Silicon Bureaucracy and AI Test-Oriented Education: Contamination Sensitivity and Score Confidence in LLM Benchmarks
Yiliang Song, Hongjun An, Jiangan Chen, Xuanchen Yan, Huan Song, Jiawei Shao, Xuelong Li

TL;DR
This paper critiques the reliability of LLM benchmarks by analyzing contamination sensitivity and score confidence, proposing an audit framework to improve evaluation robustness.
Contribution
It introduces a novel audit framework using a router-worker setup to assess contamination effects and score confidence in LLM benchmarks.
Findings
Widespread contamination-related memory reactivation observed across models.
Noisy benchmark conditions often outperform clean controls, indicating contamination influence.

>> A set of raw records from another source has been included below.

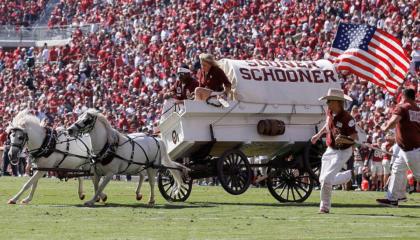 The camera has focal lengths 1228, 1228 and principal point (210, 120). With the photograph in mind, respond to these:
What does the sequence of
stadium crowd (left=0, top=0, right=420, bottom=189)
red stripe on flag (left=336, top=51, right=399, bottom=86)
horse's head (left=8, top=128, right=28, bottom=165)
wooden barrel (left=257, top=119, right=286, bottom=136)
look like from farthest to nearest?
stadium crowd (left=0, top=0, right=420, bottom=189) → red stripe on flag (left=336, top=51, right=399, bottom=86) → wooden barrel (left=257, top=119, right=286, bottom=136) → horse's head (left=8, top=128, right=28, bottom=165)

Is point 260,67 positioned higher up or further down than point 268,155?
higher up

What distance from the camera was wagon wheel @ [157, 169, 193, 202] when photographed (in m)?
24.0

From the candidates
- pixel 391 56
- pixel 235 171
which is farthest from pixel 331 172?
pixel 391 56

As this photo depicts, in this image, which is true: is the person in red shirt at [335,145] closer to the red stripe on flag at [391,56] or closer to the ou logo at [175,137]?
the ou logo at [175,137]

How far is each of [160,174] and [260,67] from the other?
114 inches

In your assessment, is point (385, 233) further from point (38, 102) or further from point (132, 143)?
point (38, 102)

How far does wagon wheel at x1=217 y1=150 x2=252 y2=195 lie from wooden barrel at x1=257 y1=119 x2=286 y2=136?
637 mm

Scores may vary significantly in confidence depending on contamination sensitivity.
Abstract
Public benchmarks increasingly govern how large language models (LLMs) are ranked, selected, and deployed. We frame this benchmark-centered regime as Silicon Bureaucracy and AI Test-Oriented Education, and argue that it rests on a fragile assumption: that benchmark scores directly reflect genuine generalization. In practice, however, such scores may conflate exam-oriented competence with principled capability, especially when contamination and semantic leakage are difficult to exclude from modern training pipelines. We therefore propose an audit framework for analyzing contamination sensitivity and score confidence in LLM benchmarks. Using a router-worker setup, we compare a clean-control condition with noisy conditions in which benchmark problems are systematically deleted, rewritten, and perturbed before being passed downstream. For a genuinely clean benchmark, noisy conditions should…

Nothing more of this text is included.